Categorization and its discontents

Wikipedia is going through one of its periodic existential crises, this time over the use of categories. A diligent editor created a category of "American women novelists" and began adding female novelists to it, and then removing them from the category "American novelists". A predictable hue and cry ensued. James Gleick tells the story in some detail in the NY Review of Books, under the title "Wikipedia's Women Problem".
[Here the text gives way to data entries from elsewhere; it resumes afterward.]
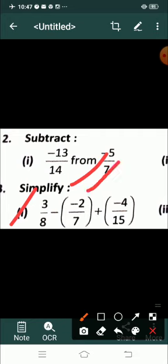Hello students, welcome to your online mathematics class for Class 8. In previous classes we started Exercise 1.2 and discussed question numbers 1 and 2. Today I am going to discuss question number 3, which is to simplify. So let's see question number 3: 3 by 8 minus bracket minus 2 by 7 plus bracket minus 4 by 14.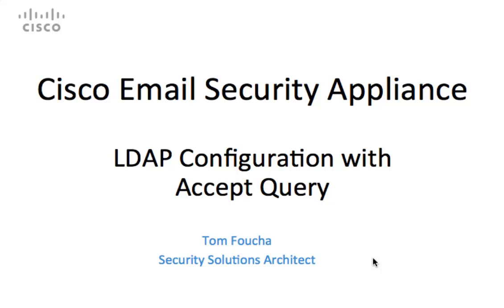In this video demonstration, we will be configuring LDAP configuration with the accept query. Log in to the IronPort appliance.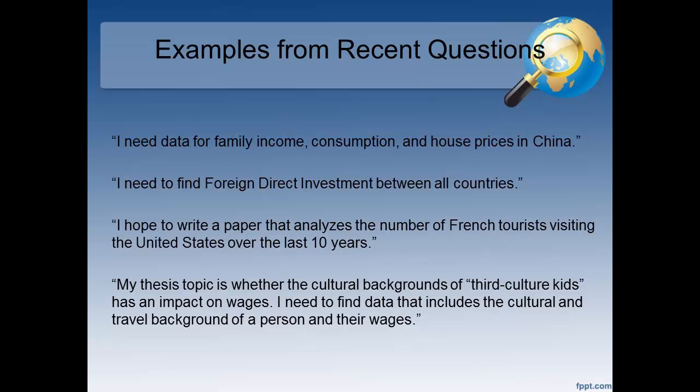I'm going to give you some examples from recent questions. I also want to emphasize that an intensive reference interview is often needed to determine which type of data is necessary. These are all questions I recently got, and these are not all one or the other — maybe you can guess which is which.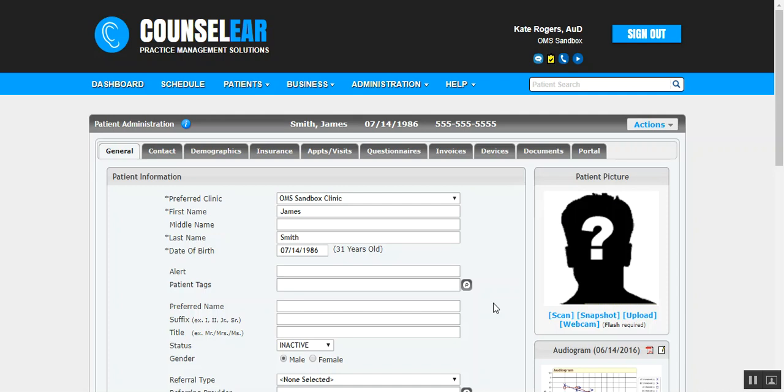Hello, and welcome to the CounselorEAR and NOAH Cloud setup and troubleshooting tutorial. We'll begin by installing NOAH Cloud.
Categorization is hard in a Wikipedia world. The namespace for articles is flat, so there's no implicit categories assigned simply by what a page is named. On the other hand, categories can contain subcategories, and the Wikipedia editors take advantage of this to create elaborate categorical structures. Everything is part of something else, in some extended rhetorical tangle. (The image is from the article Wikipedia:Categorization.)

Categories don't have to have subcategories, of course; that's a convention that's not universal to all wiki software. Localwiki's equivalent structure looks more like tags, and tags are in one big flat namespace with no explicit hierarchy.

Fundamentally the choice is how to best improve findability of articles, and how to incorporate a distinctive feel to a system. Wikipedia has "Category:Doughnuts", with one subcategory "Doughnut shops" which in turn has a subcategory "Tim Hortons" which in turn has 12 pages, including Timbits. Arborwiki has a page Donuts, which includes pages tagged with the tag "donuts", and is in turn tagged as "Pastries that are not strange". (And yes, there is a "Pastries that are strange" tag as well.)

Wikipedia has a problem when the technically correct task of splitting a big category into smaller parts runs smack into the political minefield of deciding which part of the category is to be primary and which is to be secondary. No one wants to be secondary, and no reasonable system would always yield category warring. Perhaps Wikipedia has bumped up against some size limit where it's impossible for any one person to understand the complexity of the classification system it has built.